Pedro Costa’s ‘Vitalina Varela’ Triumphs at Locarno Film Festival

The 72nd Locarno Film Festival drew to a close Saturday with Portuguese auteur Pedro Costa’s dark and detached film “Vitalina Varela” coming away with several awards together with superlatives from segments of the hardcore cinephile crowd, including jury president Catherine Breillat.

In announcing the Golden Leopard prize for the film, as well as best actress to its eponymous star, Breillat was emphatic in saying that Costa’s achievement goes beyond mere awards, insisting on its place in the cinema pantheon.

Costa was the most prominent name in the International Competition selection this year, which marked Lili Hinstin’s first edition as festival director. Other awards in the main section went to Park Jung-bum’s “Height of the Wave” (Special Jury Prize) and Damien Manivel as best director for “Isadora’s Children,” with the top actor going to Regis Myrupu in Maya Da-Rin’s “The Fever.” All the prizes reflected the jury’s marked preference for a well-established trend in contemporary art-house cinema favoring form over content, aestheticized atmosphere over traditional storytelling.

In the Cineasti del presente section, reserved for upcoming directors, the Golden Leopard went to Senegal’s Mamadou Dia, a Tisch School graduate, for his debut feature about family differences and Islamic radicalization, “Nafi’s Father” (the film also won the Swatch First Feature Award).
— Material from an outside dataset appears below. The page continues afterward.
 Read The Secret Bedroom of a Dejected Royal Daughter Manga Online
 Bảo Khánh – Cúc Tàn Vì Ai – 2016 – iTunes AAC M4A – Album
The best emerging director prize was given to Algerian filmmaker Hassan Ferhani for his documentary “143 Sahara Street,” while the special jury prize was awarded to “Ivana the Terrible,” a Romanian-Serbian coproduction directed by Ivana Mladenović.

This year’s Piazza Grande selection, usually reserved for films with greater appeal to general audiences, was notable for a clear programming direction that saw darker themes than in the past mixed with broader comedies and the occasional fantasy feature. Variety’s Piazza Grande award, given to the film that best combines artistic vision with popular appeal, went to “Instinct,” a tense, strongly-played Dutch production by Halina Reijn.

Hinstin’s programming for her first year as festival director continued the inclination of her predecessor Carlo Chatrian in privileging films that sit squarely in the more challenging reaches of world cinema, though the traditional identities of the different sections seemed less categorizable than in the recent past. The draw of Hollywood however is something difficult to shake, and John Waters’ cinema chat was greatly appreciated by both journalists and public.